I spend the week doing homework, so I don’t fall behind in school while observing the curling smoke coming out of her cigarettes as she drinks coffee watching country music videos all day. I keep to myself, clean up, and do my best to be agreeable and blend into the environment. I hope my foster mom is having fun as I sit in this dingy house just wishing for the time to pass. How is it that time can go so slow.
Often kids in foster care are not just bounced from foster home to foster home in placements, but they often must go to unfamiliar homes for respite care. Respite is used for foster parents to get a break from the foster kid(s) or go on vacation. I typically went into respite care twice a year. Whether it was a vacation my foster parents were going on or a family vacation with their biological kids, it hurt. It hurt to be shuffled to another home, to not be a part of their “family” vacation. Although I understood on a practical level why I and the other kids didn’t go on their vacations, it didn’t change the fact that I didn’t have a family to go on a vacation with. It didn’t change that my friends at school didn’t have to miss school to stay with another family they didn’t know, but more than anything else it didn’t change the heaviness in my heart.
However, what it did do, was give me incredible superpowers that have served me well into my adult life. The superpowers of resiliency, change management, and the ability to read a room and know how to interact. If you are a current or former foster and you feel the hurt I felt; know your feelings matter; no child should feel the way we have felt. But take away with you the skills you have learned and use them to your benefit.

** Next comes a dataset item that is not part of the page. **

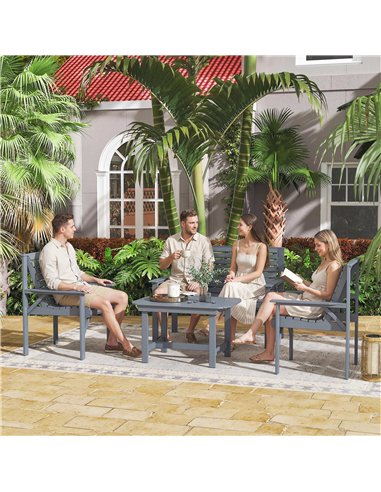 Outsunny 4 Piece Wooden Garden Furniture Set, Outdoor Garden Sofa Set with 2 Armchairs, Loveseat and Coffee Table, Grey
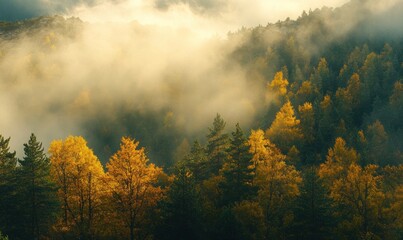 Misty Autumn Forest with Golden Trees at Sunrise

Use them to make life better for your kids, make sure your future generations don’t have to feel the way you felt.
Do you need help capturing the superpowers you gained while a foster kid? This is what I specialize in, send me an email at hello@mandyfrench.com to learn how we can work together to use your experiences to be the best version of you. Success is the best revenge, let me help you get there.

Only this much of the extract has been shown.